They make all sorts of water heaters that have various life span ratings and warranties.
The problem is that they sell mostly the cheapest ones that will start to leak after 10-12 years. This is a fact that I have seen many times so now you need to adjust your opinion to be accurate.

I use operational as well.

Were not talking about what words you use in your report, this thread is about SOP wording and how it can create bad home inspectors when there are ones looking for loopholes to allow them to write up less than good inspectors.

If an inspector does not write-up those items that would be his decision. You could argue either way. If an inspector does not write them up the market will take care of them. I personally do not worry about other inspector’s reports, business has been growing for years, signifantly.

If something is functioning as intended the only thing needed is a material description.
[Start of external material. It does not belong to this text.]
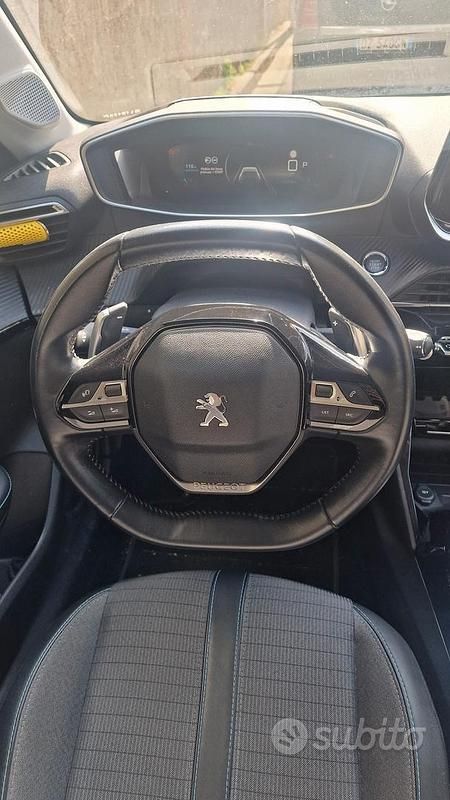 Usata Peugeot 208 Allure 101 CV (74 kW) 2020 Bianco Utilitaria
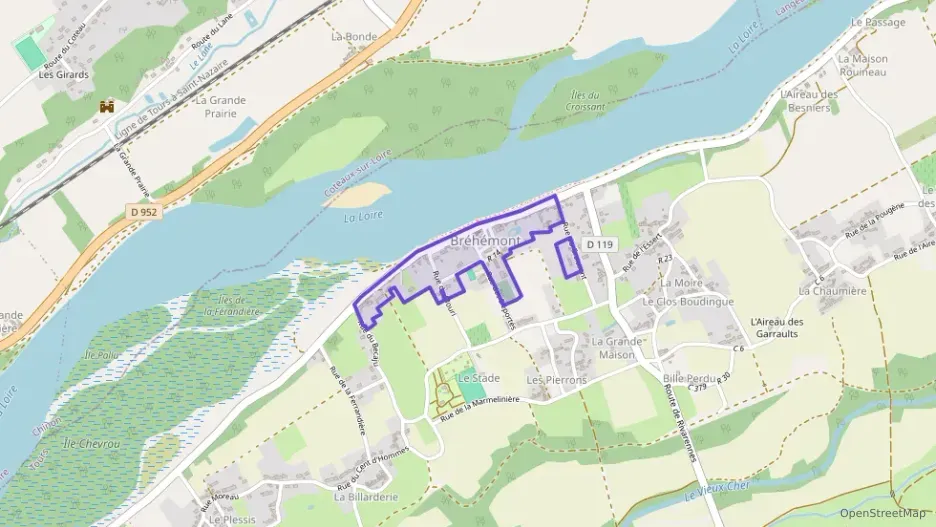 Maison 110 m² quatre pièces à vendre à Bréhémont Maison 110 m² quatre pièces à vendre à Bréhémont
Nothing said=nothing wrong.

New guys actually do need cloudy language to get out of a jam at times and this will never change.
As stated the market takes care of things.

So If there was a tarp nailed over a hole in the roof, is it functioning as intended.

Or the roof is not, but the tarp is, as its intended to keep rain out?

I don’t use that term, I say it like it is, satisfactory, marginal, repair/replace, or i write a custom status where required. Who knows how the installer intended it to work, i’ve seen items duct taped in place, and it was intended to be/work that way, but still wrong.

nice thread.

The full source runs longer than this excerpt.